Exercise instructions:
The lines below, from the one holding "thumbnail image 1" through the one holding "JDM Style 4pc", are to be restated word for word, with all images left out.

Provided data:

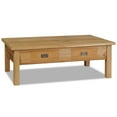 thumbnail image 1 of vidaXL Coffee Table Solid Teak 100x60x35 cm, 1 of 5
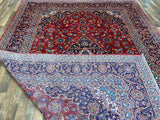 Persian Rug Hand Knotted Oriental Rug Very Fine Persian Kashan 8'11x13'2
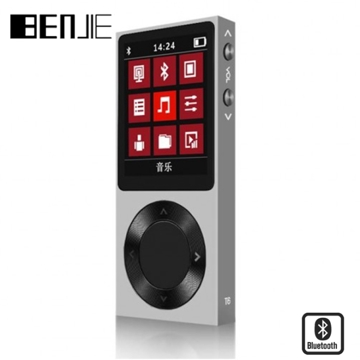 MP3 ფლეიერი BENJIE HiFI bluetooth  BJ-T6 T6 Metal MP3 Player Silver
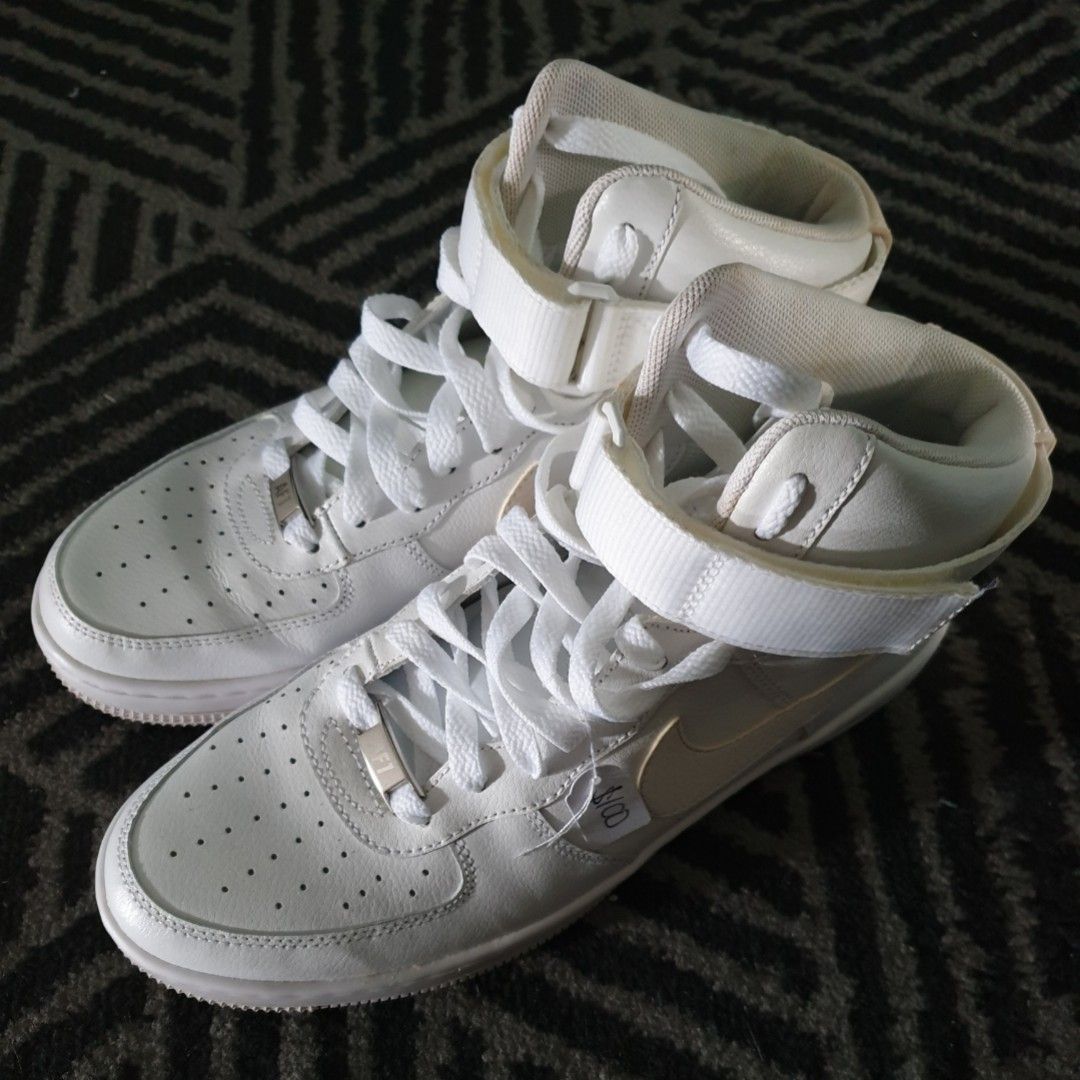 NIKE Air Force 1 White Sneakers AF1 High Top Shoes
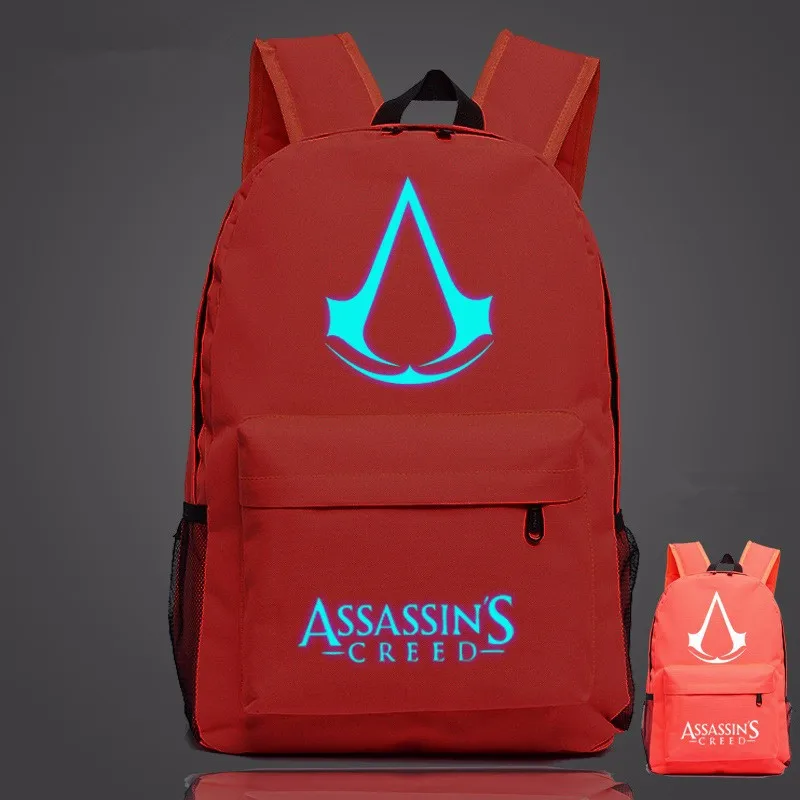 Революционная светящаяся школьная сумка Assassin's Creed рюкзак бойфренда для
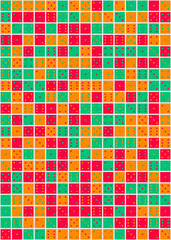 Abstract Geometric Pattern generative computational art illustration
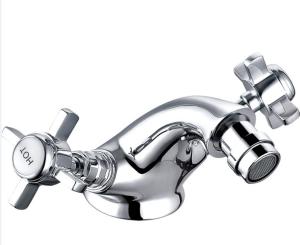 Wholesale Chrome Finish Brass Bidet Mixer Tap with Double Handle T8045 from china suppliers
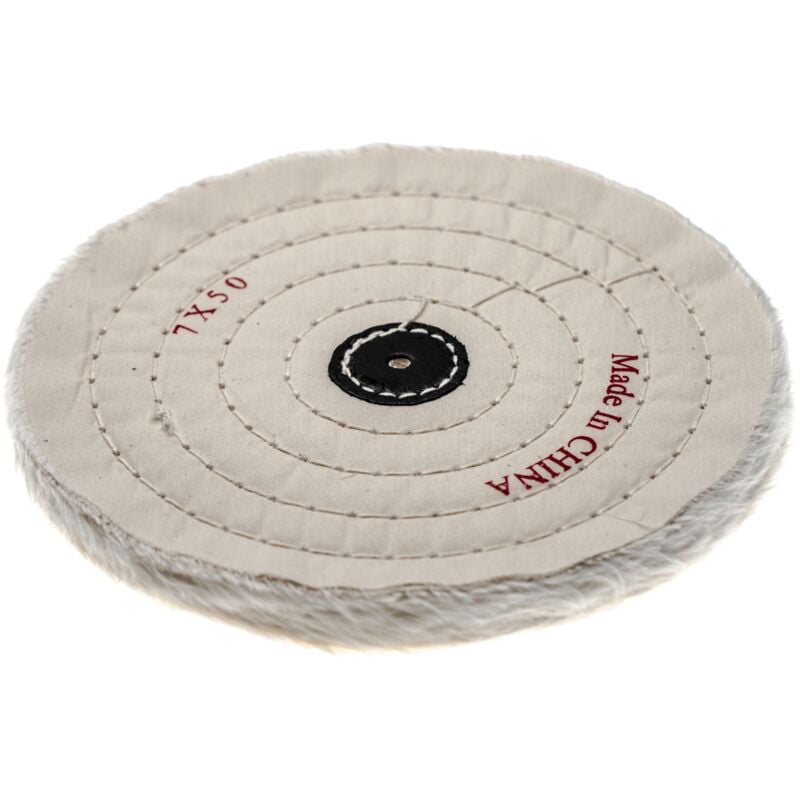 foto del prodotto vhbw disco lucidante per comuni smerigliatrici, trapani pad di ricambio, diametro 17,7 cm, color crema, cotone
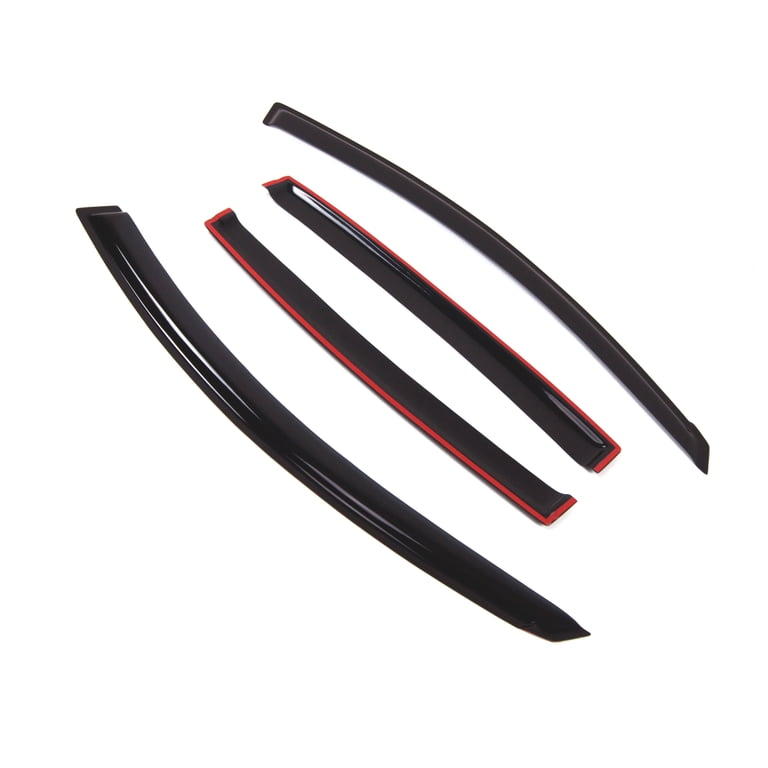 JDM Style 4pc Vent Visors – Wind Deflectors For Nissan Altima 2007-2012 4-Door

---

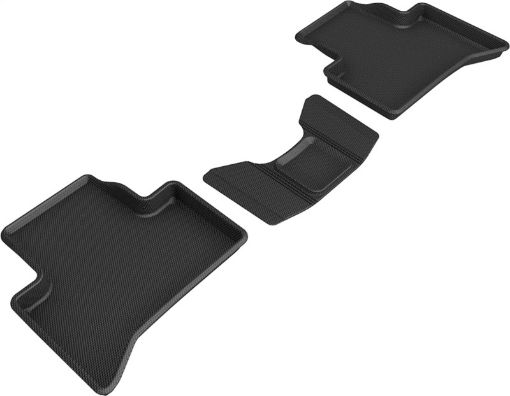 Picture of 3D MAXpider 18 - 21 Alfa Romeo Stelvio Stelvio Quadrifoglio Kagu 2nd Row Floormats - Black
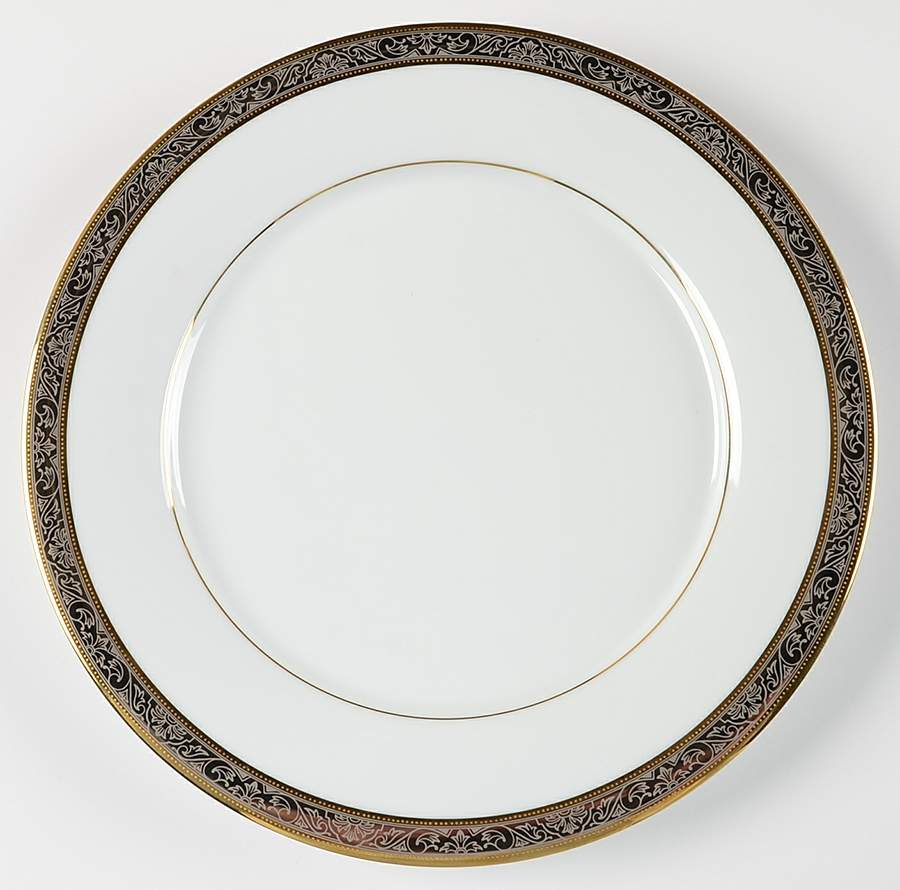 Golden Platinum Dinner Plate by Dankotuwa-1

Response box:
 thumbnail image 1 of vidaXL Coffee Table Solid Teak 100x60x35 cm, 1 of 5
 Persian Rug Hand Knotted Oriental Rug Very Fine Persian Kashan 8'11x13'2
 MP3 ფლეიერი BENJIE HiFI bluetooth  BJ-T6 T6 Metal MP3 Player Silver
 NIKE Air Force 1 White Sneakers AF1 High Top Shoes
 Революционная светящаяся школьная сумка Assassin's Creed рюкзак бойфренда для
 Abstract Geometric Pattern generative computational art illustration
 Wholesale Chrome Finish Brass Bidet Mixer Tap with Double Handle T8045 from china suppliers
 foto del prodotto vhbw disco lucidante per comuni smerigliatrici, trapani pad di ricambio, diametro 17,7 cm, color crema, cotone
 JDM Style 4pc Vent Visors – Wind Deflectors For Nissan Altima 2007-2012 4-Door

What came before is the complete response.